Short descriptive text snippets
---+---

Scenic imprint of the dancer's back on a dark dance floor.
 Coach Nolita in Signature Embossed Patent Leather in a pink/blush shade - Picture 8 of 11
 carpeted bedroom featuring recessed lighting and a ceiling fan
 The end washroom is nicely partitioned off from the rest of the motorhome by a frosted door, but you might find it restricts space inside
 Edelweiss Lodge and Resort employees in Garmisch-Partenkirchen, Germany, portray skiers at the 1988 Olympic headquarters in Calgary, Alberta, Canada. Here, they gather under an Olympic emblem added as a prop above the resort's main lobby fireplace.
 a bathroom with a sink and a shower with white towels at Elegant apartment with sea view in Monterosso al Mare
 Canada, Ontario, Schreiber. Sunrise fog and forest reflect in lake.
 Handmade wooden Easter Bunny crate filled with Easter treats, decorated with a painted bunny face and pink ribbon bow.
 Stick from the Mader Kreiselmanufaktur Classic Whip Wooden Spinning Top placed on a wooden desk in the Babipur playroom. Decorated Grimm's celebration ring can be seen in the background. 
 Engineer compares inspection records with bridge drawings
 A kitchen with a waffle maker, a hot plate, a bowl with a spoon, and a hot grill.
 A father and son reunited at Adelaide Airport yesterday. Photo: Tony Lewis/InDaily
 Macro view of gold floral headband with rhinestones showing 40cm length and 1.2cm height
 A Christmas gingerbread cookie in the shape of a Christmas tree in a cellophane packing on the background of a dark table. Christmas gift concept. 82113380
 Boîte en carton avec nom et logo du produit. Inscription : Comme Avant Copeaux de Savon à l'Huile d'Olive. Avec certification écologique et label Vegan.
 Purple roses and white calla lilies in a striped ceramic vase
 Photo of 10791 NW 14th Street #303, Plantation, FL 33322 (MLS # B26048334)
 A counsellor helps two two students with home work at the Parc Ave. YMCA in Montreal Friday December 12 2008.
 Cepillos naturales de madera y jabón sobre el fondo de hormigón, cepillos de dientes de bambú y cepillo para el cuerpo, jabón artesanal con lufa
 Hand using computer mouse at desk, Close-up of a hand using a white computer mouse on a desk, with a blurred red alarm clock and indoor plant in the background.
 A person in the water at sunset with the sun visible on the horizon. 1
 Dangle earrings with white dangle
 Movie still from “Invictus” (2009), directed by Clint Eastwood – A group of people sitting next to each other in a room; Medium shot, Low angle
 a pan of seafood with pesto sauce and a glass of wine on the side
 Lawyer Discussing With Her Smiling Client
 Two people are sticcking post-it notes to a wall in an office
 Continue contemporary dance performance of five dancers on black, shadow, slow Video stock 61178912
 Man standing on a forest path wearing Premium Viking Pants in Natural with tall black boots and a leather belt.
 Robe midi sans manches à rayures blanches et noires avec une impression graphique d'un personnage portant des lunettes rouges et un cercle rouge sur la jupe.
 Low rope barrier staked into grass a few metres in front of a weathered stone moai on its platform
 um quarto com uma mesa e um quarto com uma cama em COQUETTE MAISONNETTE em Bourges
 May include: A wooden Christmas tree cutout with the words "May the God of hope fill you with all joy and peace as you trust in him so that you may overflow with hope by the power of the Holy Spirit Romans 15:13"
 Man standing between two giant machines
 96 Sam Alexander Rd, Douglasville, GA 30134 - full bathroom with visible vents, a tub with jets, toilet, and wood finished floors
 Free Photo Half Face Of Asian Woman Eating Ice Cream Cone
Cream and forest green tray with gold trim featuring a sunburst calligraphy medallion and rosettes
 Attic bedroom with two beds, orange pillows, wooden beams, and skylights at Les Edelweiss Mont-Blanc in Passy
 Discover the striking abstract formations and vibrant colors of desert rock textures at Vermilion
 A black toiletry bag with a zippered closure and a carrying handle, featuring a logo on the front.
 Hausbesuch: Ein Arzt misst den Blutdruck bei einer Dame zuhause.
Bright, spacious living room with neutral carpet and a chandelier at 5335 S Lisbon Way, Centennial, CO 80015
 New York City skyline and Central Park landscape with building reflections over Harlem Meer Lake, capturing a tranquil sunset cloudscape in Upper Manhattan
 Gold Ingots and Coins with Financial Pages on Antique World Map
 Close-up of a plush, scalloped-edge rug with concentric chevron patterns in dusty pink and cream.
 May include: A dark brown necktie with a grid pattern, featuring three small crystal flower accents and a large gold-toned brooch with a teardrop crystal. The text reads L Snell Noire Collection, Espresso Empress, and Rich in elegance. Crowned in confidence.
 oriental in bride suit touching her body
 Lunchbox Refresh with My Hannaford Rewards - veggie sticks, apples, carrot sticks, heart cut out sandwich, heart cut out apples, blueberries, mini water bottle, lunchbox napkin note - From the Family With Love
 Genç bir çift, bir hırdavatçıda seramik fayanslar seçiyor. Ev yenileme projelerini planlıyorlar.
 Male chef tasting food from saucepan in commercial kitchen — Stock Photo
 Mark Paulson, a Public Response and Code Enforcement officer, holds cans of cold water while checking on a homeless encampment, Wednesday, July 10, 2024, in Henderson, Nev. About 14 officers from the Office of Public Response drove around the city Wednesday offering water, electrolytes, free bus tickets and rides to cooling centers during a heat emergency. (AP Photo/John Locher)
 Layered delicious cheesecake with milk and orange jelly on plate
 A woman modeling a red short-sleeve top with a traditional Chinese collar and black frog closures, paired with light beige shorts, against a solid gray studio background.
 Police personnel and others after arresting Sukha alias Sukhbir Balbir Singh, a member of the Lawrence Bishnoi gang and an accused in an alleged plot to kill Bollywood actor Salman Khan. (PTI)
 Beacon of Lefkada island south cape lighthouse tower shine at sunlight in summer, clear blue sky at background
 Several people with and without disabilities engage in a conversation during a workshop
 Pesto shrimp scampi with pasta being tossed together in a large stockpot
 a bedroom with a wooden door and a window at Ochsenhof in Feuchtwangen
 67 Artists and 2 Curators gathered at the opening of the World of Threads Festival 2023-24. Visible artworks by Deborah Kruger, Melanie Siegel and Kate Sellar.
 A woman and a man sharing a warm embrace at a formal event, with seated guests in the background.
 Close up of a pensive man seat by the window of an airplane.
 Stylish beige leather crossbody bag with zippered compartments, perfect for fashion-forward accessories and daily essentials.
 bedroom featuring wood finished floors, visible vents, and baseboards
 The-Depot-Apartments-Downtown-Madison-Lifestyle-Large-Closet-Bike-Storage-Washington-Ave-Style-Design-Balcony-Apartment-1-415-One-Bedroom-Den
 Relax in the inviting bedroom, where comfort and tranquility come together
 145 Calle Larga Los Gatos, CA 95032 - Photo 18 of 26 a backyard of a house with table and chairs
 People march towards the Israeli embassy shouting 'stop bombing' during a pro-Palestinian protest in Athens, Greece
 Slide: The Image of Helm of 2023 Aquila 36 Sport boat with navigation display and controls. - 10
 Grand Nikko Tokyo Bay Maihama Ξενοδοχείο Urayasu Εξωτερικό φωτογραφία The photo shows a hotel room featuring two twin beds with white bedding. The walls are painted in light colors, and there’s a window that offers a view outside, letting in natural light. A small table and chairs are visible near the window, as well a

---+---

**Problem to work on**.
Scanning the data above, copy out every line where "kitchen" is found.

**Task response**.
 A kitchen with a waffle maker, a hot plate, a bowl with a spoon, and a hot grill.
 Male chef tasting food from saucepan in commercial kitchen — Stock Photo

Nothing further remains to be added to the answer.